Buffalo Bill's Muncie visit

Interactive Firearm Demonstration

IDIA-created augmented reality apps will feature objects in the museums' collections, such as firearms.

The Virtual Buffalo Bill project offered a crossover research opportunity for Connolly, director of Ball State's Center for Middletown Studies. The center is developing Virtual Middletown, a 3-D visualization of industrializing early 20th-century Muncie, and the Buffalo Bill simulation offered an opportunity to produce a module as part of that endeavor.

Connolly and Seefeldt provided Fillwalk with photographs and newspaper accounts of Buffalo Bill's 1899 stop in Muncie. "He personified the Wild West for audiences in these small towns," Connolly said.

Connolly's and Seefeldt’s research, along with assets provided by the Buffalo Bill Center, allowed Fillwalk and his artists to create beautifully rendered graphics based on data and research, hallmarks that have distinguished IDIA's work in emergent media design.

"The attack on the Deadwood Stage Coach is simulated down to representing John Y. Nelson, one of America's original Mountain Men driving the coach," Fillwalk explained. "And Cody himself—along with his wardrobe—was painstakingly researched and re-created. His appearance was based on specific clothing of Cody's in the museum collection that we were allowed to photograph."

Seefeldt said Fillwalk's re-creations uniquely capture William F. "Buffalo Bill" Cody.

"His show had it all—buffalos, the Pony Express, Annie Oakley, re-enactments of iconic events in the history of the West.

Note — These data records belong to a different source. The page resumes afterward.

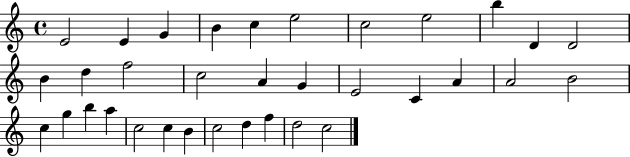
{
  \clef treble
  \time 4/4
  \defaultTimeSignature
  \key c \major
  e'2 e'4 g'4 | b'4 c''4 e''2 | c''2 e''2 | b''4 d'4 d'2 | \break b'4 d''4 f''2 | c''2 a'4 g'4 | e'2 c'4 a'4 | a'2 b'2 | \break c''4 g''4 b''4 a''4 | c''2 c''4 b'4 | c''2 d''4 f''4 | d''2 c''2 | \break \bar "|."
}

He was one of the most famous people in the country, a celebrity of that era, and it's a thrill to see the way John has brought him back to life."

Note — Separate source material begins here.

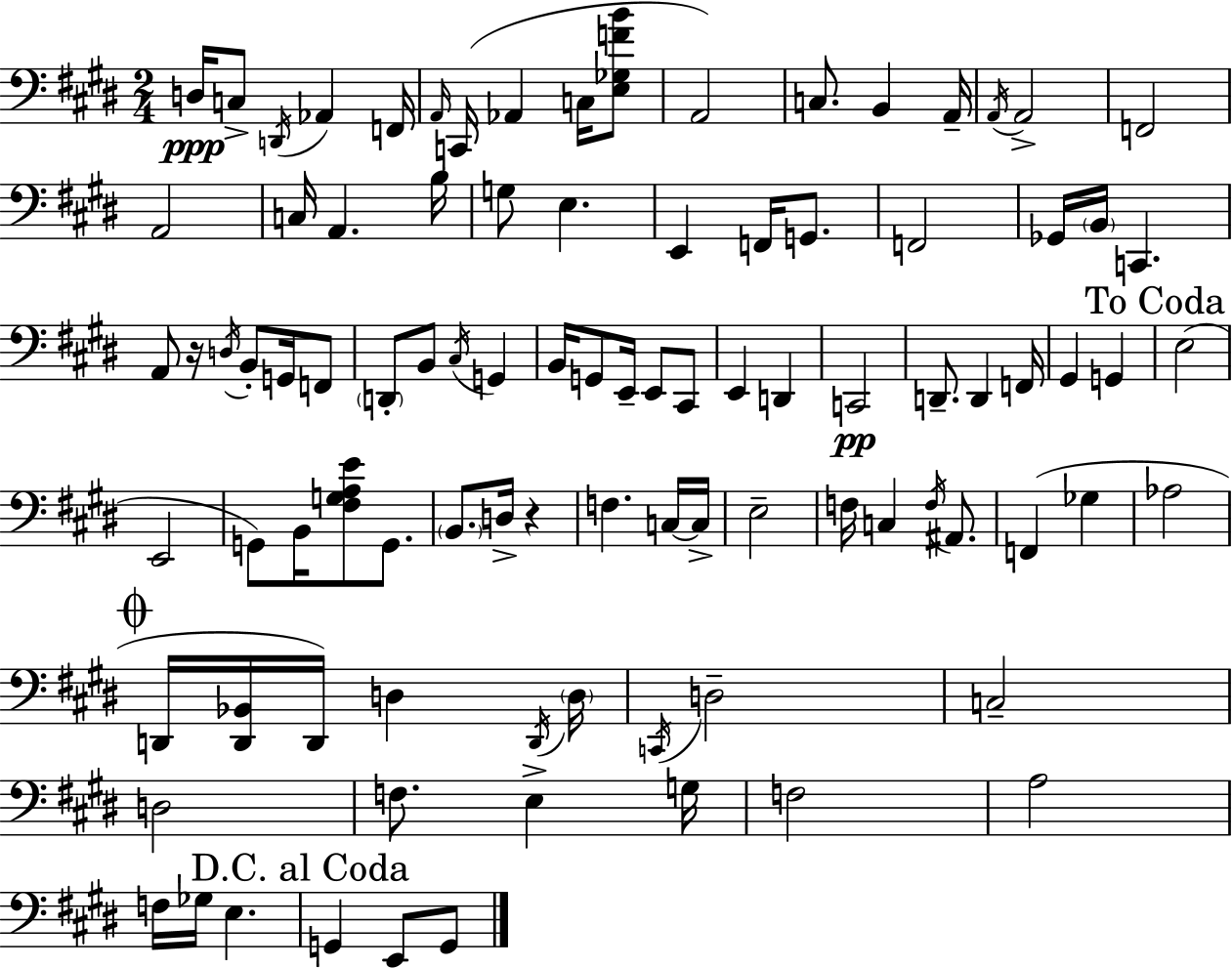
D3/s C3/e D2/s Ab2/q F2/s A2/s C2/s Ab2/q C3/s [E3,Gb3,F4,B4]/e A2/h C3/e. B2/q A2/s A2/s A2/h F2/h A2/h C3/s A2/q. B3/s G3/e E3/q. E2/q F2/s G2/e. F2/h Gb2/s B2/s C2/q. A2/e R/s D3/s B2/e G2/s F2/e D2/e B2/e C#3/s G2/q B2/s G2/e E2/s E2/e C#2/e E2/q D2/q C2/h D2/e. D2/q F2/s G#2/q G2/q E3/h E2/h G2/e B2/s [F#3,G3,A3,E4]/e G2/e. B2/e. D3/s R/q F3/q. C3/s C3/s E3/h F3/s C3/q F3/s A#2/e. F2/q Gb3/q Ab3/h D2/s [D2,Bb2]/s D2/s D3/q D2/s D3/s C2/s D3/h C3/h D3/h F3/e. E3/q G3/s F3/h A3/h F3/s Gb3/s E3/q. G2/q E2/e G2/e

Ball State-Center of the West partnership continues

Located in Cody, Wyoming, the Buffalo Bill Center of the West includes the Buffalo Bill, Draper Natural History, Whitney Western Art, Plains Indian and Cody Firearms museums, along with the McCracken Research Library.

The Origins of Buffalo Bill

Buffalo Bill portrait

Born in 1846, William F. Cody rode for the Pony Express, served as a military scout and earned his moniker "Buffalo Bill" while hunting the animals for the Kansas Pacific Railroad work crews. Beginning in 1883, he became one of the world's best showmen with the launch of Buffalo Bill's Wild West, which was staged for 30 years, touring America and Europe multiple times.

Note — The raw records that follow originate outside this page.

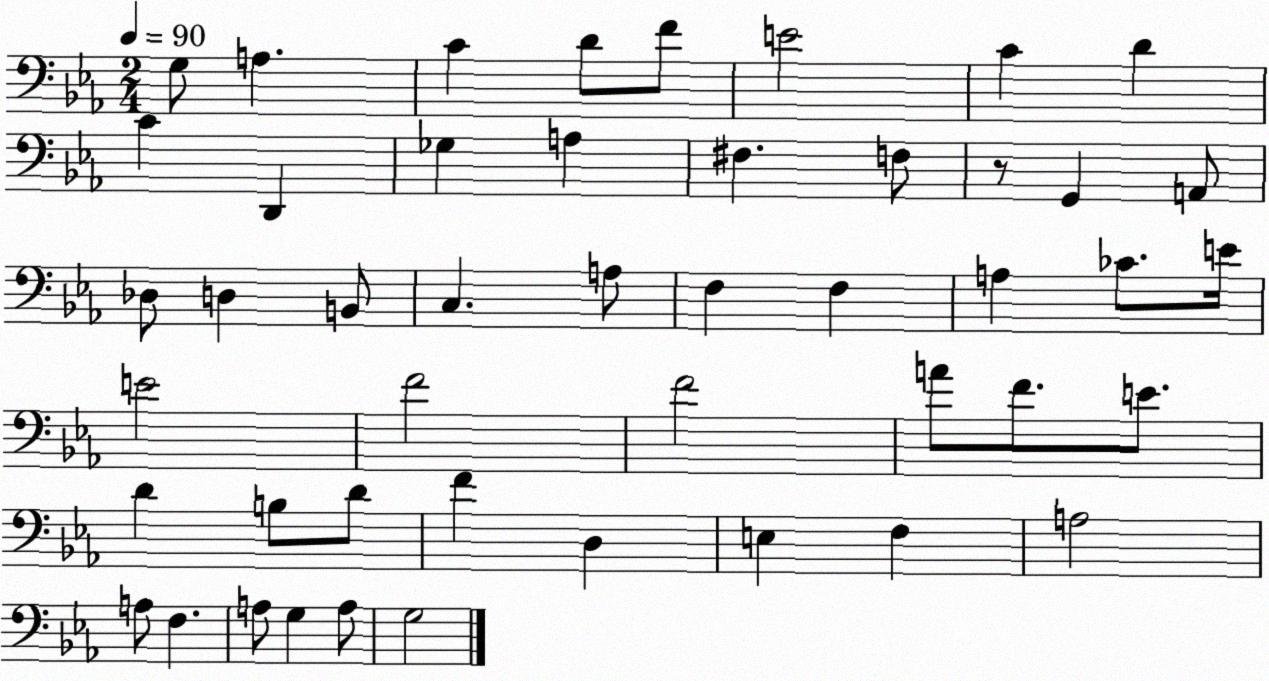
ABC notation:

X:1
T:Untitled
M:2/4
L:1/4
K:Eb
G,/2 A, C D/2 F/2 E2 C D C D,, _G, A, ^F, F,/2 z/2 G,, A,,/2 _D,/2 D, B,,/2 C, A,/2 F, F, A, _C/2 E/4 E2 F2 F2 A/2 F/2 E/2 D B,/2 D/2 F D, E, F, A,2 A,/2 F, A,/2 G, A,/2 G,2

The IDIA Lab's next project for the center will be a series of augmented reality apps featuring objects in each museum's collection. By holding electronic devices over images like a grizzly bear or gun, users can learn more about them as 3-D models of the subjects pop up on screen.

"By using their phones or tablets, visitors can see museum exhibits come to life," Fillwalk said. "All of our work is meant to give visitors a greater appreciation for these assets with the aid of our digital interpretations."

Johnston said what he likes best about Fillwalk's approach is the way "he puts technology in the users' hands."

"I've seen so many younger people walking through our museums with their heads down, glued to their iPhones and iPads. With John's help, I'm excited that we're taking something they're so familiar with and using it in a way to get them to engage with our exhibits here."

Funding for the Virtual Buffalo Bill project was provided by a grant from the Buffalo Bill Center for the West, which was matched by internal grant funding from Ball State.